I have to confess, I’m not a big fan of composer Andrew Lloyd Webber, lyricist Tim Rice, or their signature schmaltz. But I think this is one show of Lloyd Webber’s that has more than one song — even though the “Don’t Cry” theme pops up in the piece some five or six times. But there’s also a sad and sweet ballad, “Another Suitcase in Another Hall,” sweetly sung by the 15 year-old up-and-comer, Annette Desrosiers. And there is that clever political game of musical chairs, “The Art of the Possible.” I was sort of hoping they’d add in “You Must Love Me,” the new song written for Madonna in the overwrought film version, but this “Evita” hews close to the original.

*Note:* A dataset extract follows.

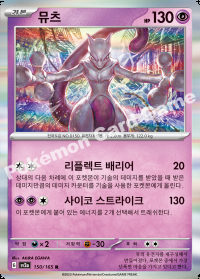 뮤츠 (#150)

Except for Scarritt’s fading and dying Evita, there isn’t much depth and dimension to the characterizations, but that’s as much a fault of the play as the production. This “Evita” is attractive, well dressed, well sung and quite solid, if not scintillating, and well worth seeing, especially in this pleasantly planeless form.
MUSIC, under and out:
©2000 Patté Productions Inc.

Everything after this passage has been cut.